Interpretation guide:

  • 01: highly structured/repetitive (like all zeros)
  • 35: English text, source code
  • 67: compressed data, some binary formats
  • 7.58: encrypted data, random bytes

Why this matters: If you peel 3 encoding layers and the output has entropy 7.9, it's almost certainly encrypted — further encoding analysis won't help. If entropy is 4.5, it's probably readable text. Entropy is the first triage check in malware analysis.

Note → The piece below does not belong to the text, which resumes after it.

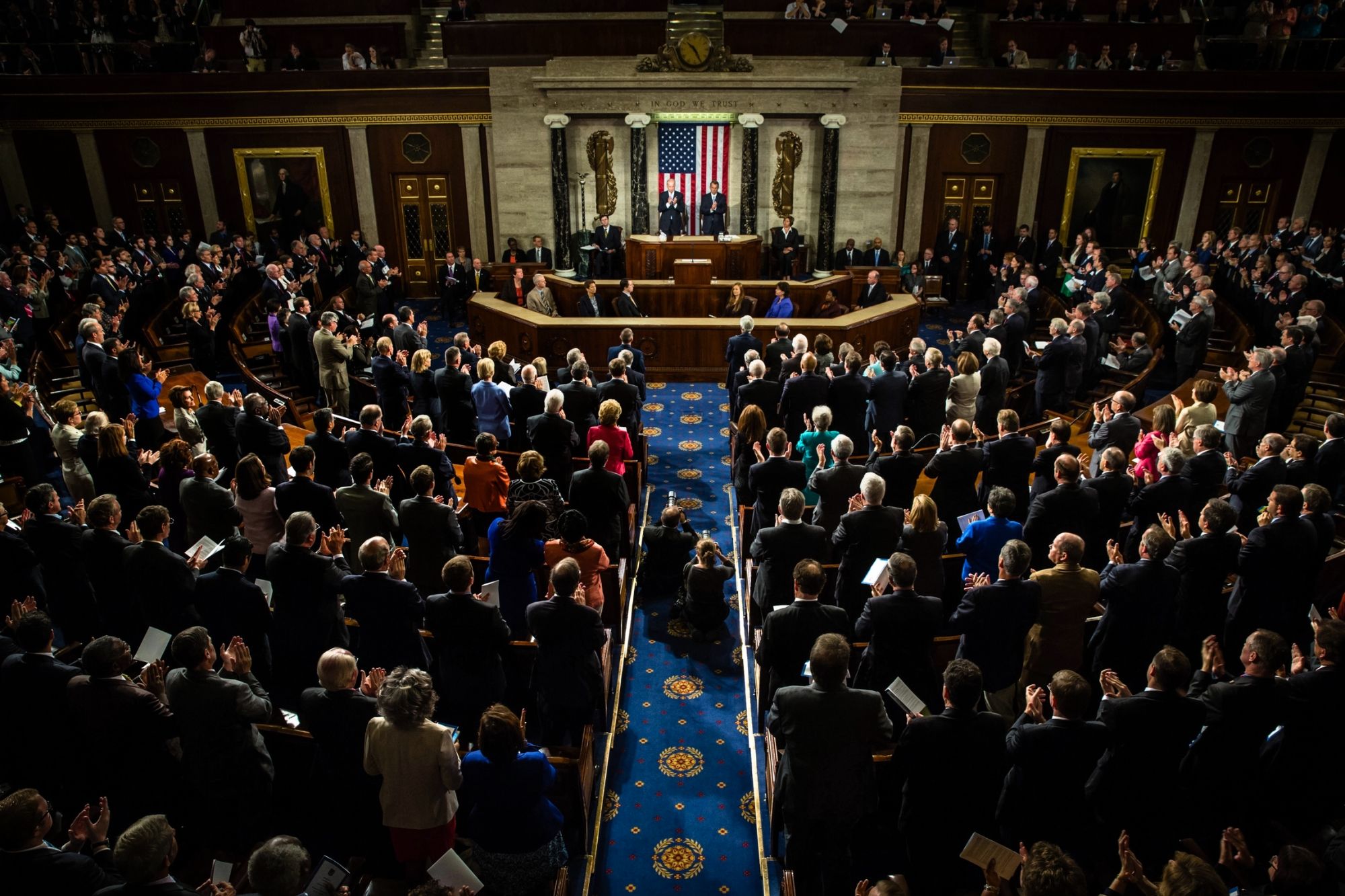 Las encuestas para las midterms de 2026 en Estados Unidos apuntan a una mayoría demócrata, pero con límites para frenar a Donald Trump.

12. Integrate with CyberChef Recipes

CyberChef (GCHQ's open-source data analysis tool) uses "recipes" — JSON descriptions of operation chains. Build import/export compatibility.

What to do:

  • Parse CyberChef recipe JSON format
  • Map CyberChef operations to b64tool formats (e.g., "To Base64" → base64 encode)
  • Execute a recipe as a chain command
  • Export peel results as a CyberChef recipe (reverse operations)

Example:

b64tool recipe --import recipe.json "input data"
b64tool peel "encoded_data" --export-recipe result.json

Why this matters: CyberChef is ubiquitous in CTF competitions and security operations centers. Being able to exchange recipes between tools demonstrates real interoperability. It also means your tool can leverage the thousands of existing CyberChef recipes shared by the community.